College is coming, scholarship dates are approaching, and the end of high school is near.
By Bret Walts
The stress and pressure to pick the right college major and the right college may be overbearing for some, but it doesn’t need to be. First and foremost, you don’t have to decide on a career and a major all at once and expect your whole future to be set up before your second semester of your senior year, however, it does need to be considered.
If you were to say, have narrowed down your college majors to two choices, or even one, yet you’re not entirely sure what kind of profession you’ll get out of it, there is are a couple easy ways to go about deciding your college major.
The first step is to go to senior counselor Mrs. McGuirk, a parent or guardian, or at the very least someone who has gone through the same predicament. In fact, Mrs. McGuirk believes the best way to know what students would really like to do is to get out there and experience it.

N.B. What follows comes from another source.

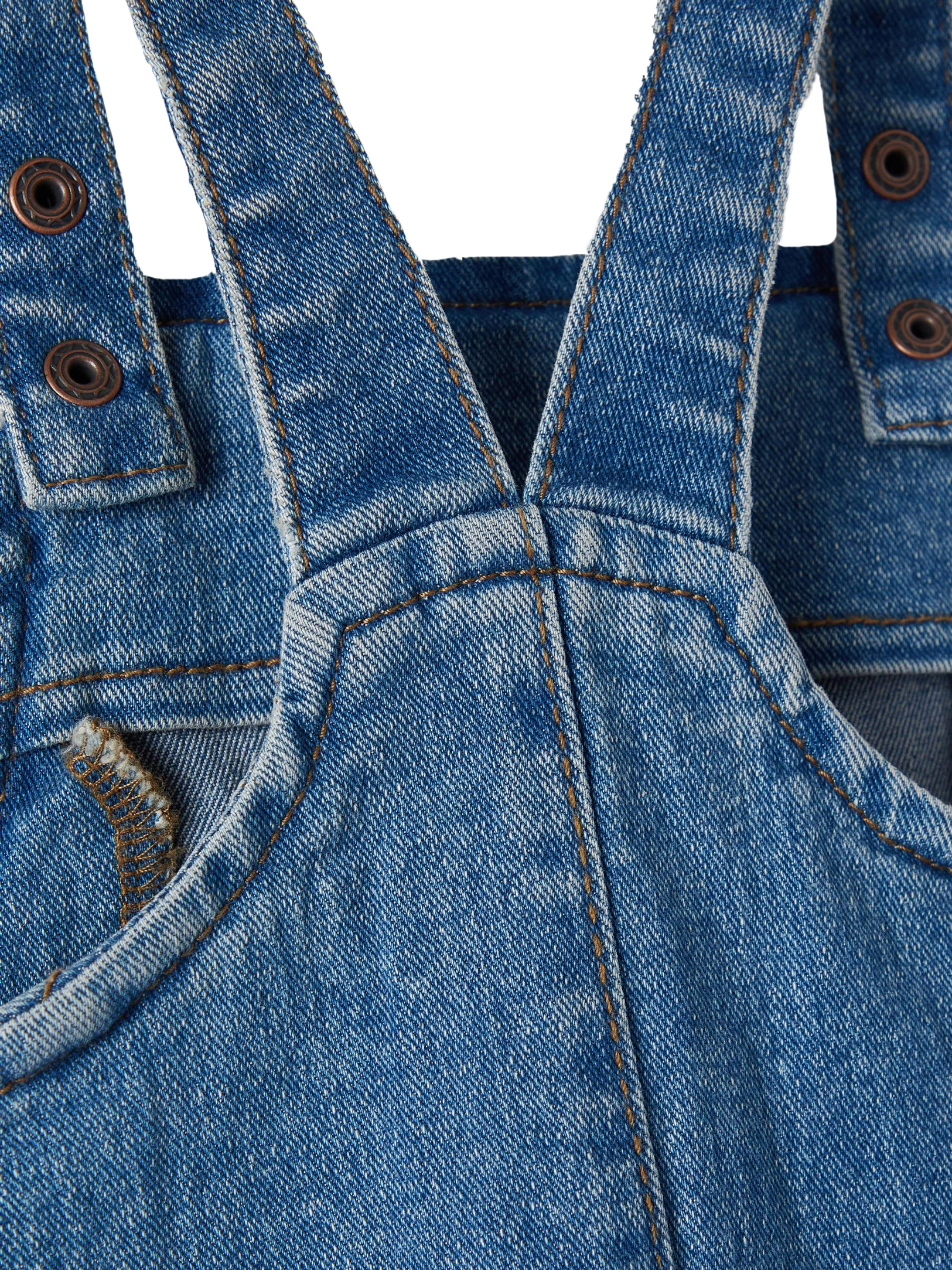 Latzrock NMFATOKE in medium blue denim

I would advise that students to try to find out as much information as they can on those college majors, research them online, and also see if you can find someone that might work in those fields see if you could job shadow a professional to really see what it’s like on a daily basis,” Mrs. McGuirk said. “I am a big fan and supporter of job shadowing.”
Job shadowing and research is good and picking a major is a big deal, but it is not the end of the world to be undecided.
“It is okay to be undecided,” Mrs. McGuirk said. “When I was a counselor at IUS probably 50% of the incoming freshmen I worked with were undecided and most colleges have an office of career services and usually they will help students one on one with career assessment and testing.”
Being undecided, in a way, can be a blessing. You can truly find out where you are supposed be in your life by taking a few simple steps.
“There are personality assessments where it looks at your personality and what you like to do and matches you with the personality types that go with different jobs,” Mrs. McGuirk said. “I would recommend students take either a career decision making class or work with a career counselor at a college.”
According to Mrs. McGuirk, most colleges are very helpful to freshmen that are in the major and career decision-making process so reaching out to the representatives of a university would be helpful.
However one of the most important steps in the decision making process is research. In the end, nobody but yourself can tell you what to do, so don’t make an uneducated decision. You need to decide where you will be happy and what will benefit you the most and you can’t do that without research. Job shadowing helps and the Occupational Outlook Handbook has the tools necessary for anyone to understand what they would do in any career they could desire. So don’t flip a coin or leave it up to fate, surely somewhere you can find something to set you on the right path.
OCCUPATIONAL OUTLOOK HANDBOOK
Here, you can input one of your choices of college majors (it will say occupation groups) and it will spit out all the possible occupations from that particular major. So say you want to major in the field of engineering, you will click on architecture and engineering under the occupation groups list. The website will then take you to a page that lists all the possible occupations from that area of study. Next, click on the one you want. So say you choose Civil Engineers, it will say the median pay is approximately $77,560. The website also provides the job demand and growth rate for the career of your choice.
– A detailed explanation what Civil Engineers actually do
– The work environment of a Civil Engineers
– A detailed explanation on how to become a Civil Engineer
– Pay of a civil engineer vs. other occupations. Also includes pay of different types of Civil Engineers
– Job outlook for up to the year 2020.
– Similar occupations in case you are considering a different type of engineering/architecture path
– Contacts for more information on the career of a Civil Engineer
Although this website is helpful, it shouldn’t choose your college major for you. It should help give you some useful information, but in the end, it’s what your heart says after you accumulated all the information possible.
Other Advice from Mrs. McGuirk
1) I think you have to pick the right major for where you are at that time in your life. I see some students who think they want to be in a certain field and they change their mind and that’s okay because I think we are always evolving and changing and what you want to do at 20 you may not want to do when you’re 40 so you just have to go where you are at right there in your life.
2) I don’t think [students] need to have it all planned out. I think they need to think about short term and long terms goal. But I also think they need to know that first year in college they’re going to be taking a lot of different classes and maybe exposed to new topics and new fields that they may have not even though of and that might spark a new interest in them. I really think [seniors] need to keep all their options open too.
3) I’m a big fan of getting minors too. I think it’s really nice if you have to interest areas to do a major and a minor.
4) Use your electives wisely if you have a lot of different interests areas instead of just taking random classes think about what you might be interested in.